Mauritanie: l'histoire d'une gouvernance hantée par la gabegie

Mohamed ould Abdel Aziz, président de la Mauritanie.

Mohamed ould Abdel Aziz, président de la Mauritanie. . DR

Le 31/07/2017 à 16h48, mis à jour le 31/07/2017 à 19h25

Le concept de gabegie est au centre de tous les discours en Mauritanie depuis plusieurs années, malgré le contenu souvent contradictoire que lui donnent les membres de la classe politique, suivant qu'ils sont issus de la majorité ou de l'opposition.

Le concept de gabegie revient de manière récurrente dans la rhétorique de la classe politique mauritanienne, qu’ils soient issus de la majorité ou de l’opposition, depuis quelques années.

Dans ce pays, la pratique de détournement de deniers publics et de la prévarication était très rare et se limitait à du menu fretin, avant de se transformer en sport national favori avec l’ère des putschs militaires à partir du 10 juillet 1978.

Mais le 6 août 2008, l’auteur du dernier acte de rupture avec la légalité, suite à un coup d'Etat ayant renversé un gouvernement civil démocratiquement élu, Mohamed Ould Abdel Aziz s’engagea fermement à mettre fin à cette pratique emportant ainsi l’adhésion d’une importante frange de l’opinion nationale.

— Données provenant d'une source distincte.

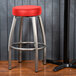 A metal Lancaster Table & Seating swivel bar stool with a red vinyl seat.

Toutefois, beaucoup d’eau a coulé sous les ponts de la gouvernance et de la gestion des affaires publiques dans le pays au cours des 9 dernières années, même si le terme est reste dans le langage quotidien, en étant régulièrement travesti et galvaudé.

Ainsi, s’exprimant dans le cadre de la campagne référendaire en vue de l’adoption d’un projet révision constitutionnelle, cette semaine à Rosso (Sud), le président Mohamed Ould Abdel Aziz, a qualifié le sénat de «nid de la corruption» légitimant ainsi l’option de sa suppression.

Les sages ont répliqué en rappelant au chef de l’Etat qu’ils n’ont pas la gestion les deniers publics et l’attribution des marchés.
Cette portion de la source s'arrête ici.